‘Nobody rings a bell at the bottom of the market,’ says an old adage in the investment world — and anyone who thought they had already heard a distant peal signalling the low point of the current financial crisis has been proved woefully mistaken this week.
Some stock-market investors, for example, had begun to feel that blue-chip equities looked attractively cheap in relation to historic dividend yields. But now, one after another, and on both sides of the Atlantic, major companies are slashing dividends or abandoning them altogether: in some cases as a matter of urgent necessity, in others as a matter of opportunism at a time when yields on alternatives such as cash deposits and government bonds are at rock bottom. This sudden fashion for dividend cuts renders historic yields meaningless. Amid the continuing gloom, it has helped drive share prices down to levels not seen since the mid-1990s.

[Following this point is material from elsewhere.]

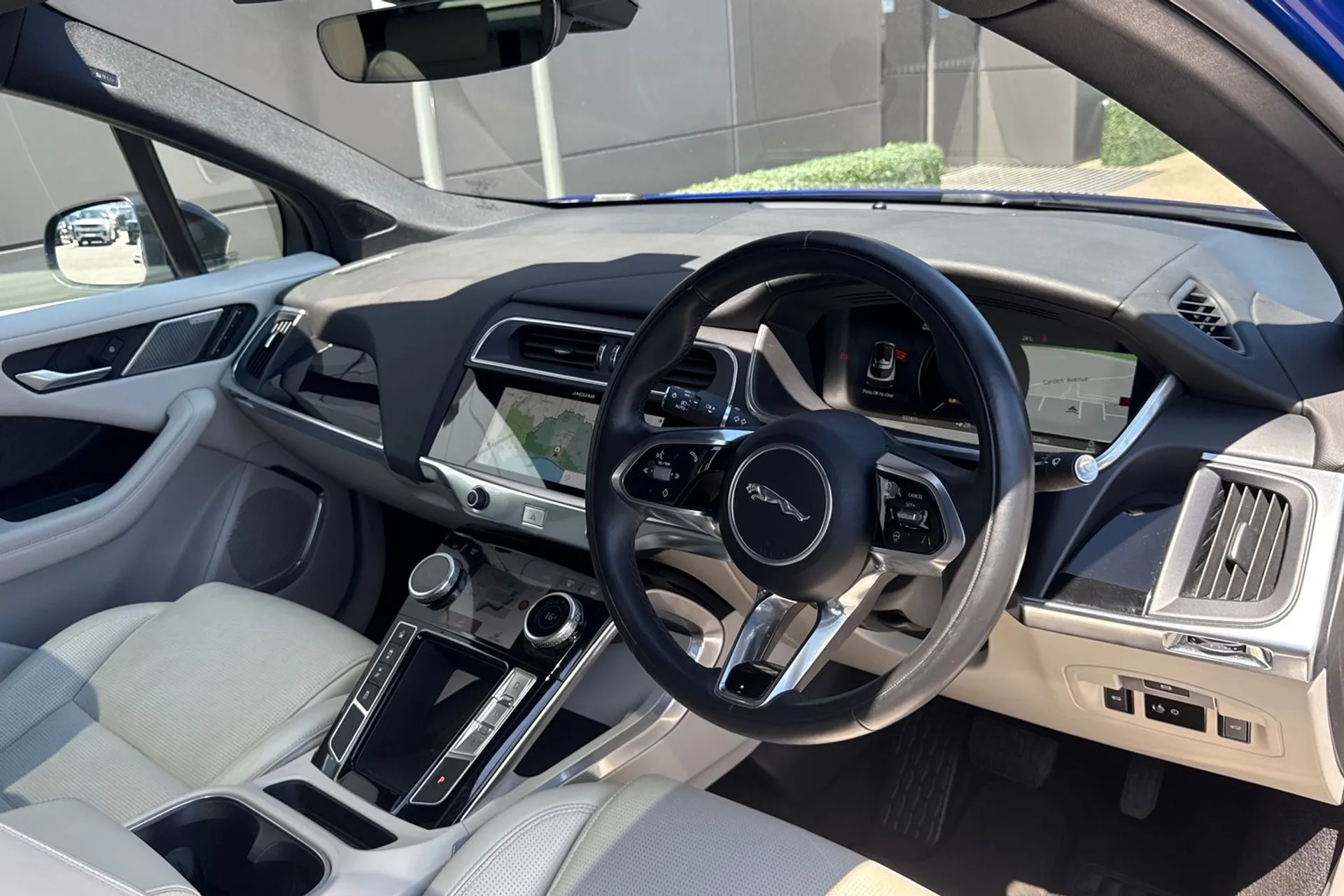 Jaguar I-PACE thumbnail image number 17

Yet again the interests of prudent savers, investors and pension-holders are being brutally sacrificed on the grounds that we must all must make sacrifices to avoid a new Great Depression. That is little comfort to the voter approaching retirement age who is now wondering whether he or she will be able to make ends meet — and why ministers permitted Sir Fred Goodwin to trouser such an offensively huge pension deal.
Yet the threat of depression is real enough: its gravity was brought home this week by yet more bad news, reminding us that we would be foolish to assume that we have heard the worst. Just when it seemed nothing could top Royal Bank of Scotland’s losses for last year of £24 billion, the American insurance giant AIG announced losses of £44 billion for a single quarter — including huge write-downs in the commercial property sector, in which there is clearly a great deal of trouble still to come.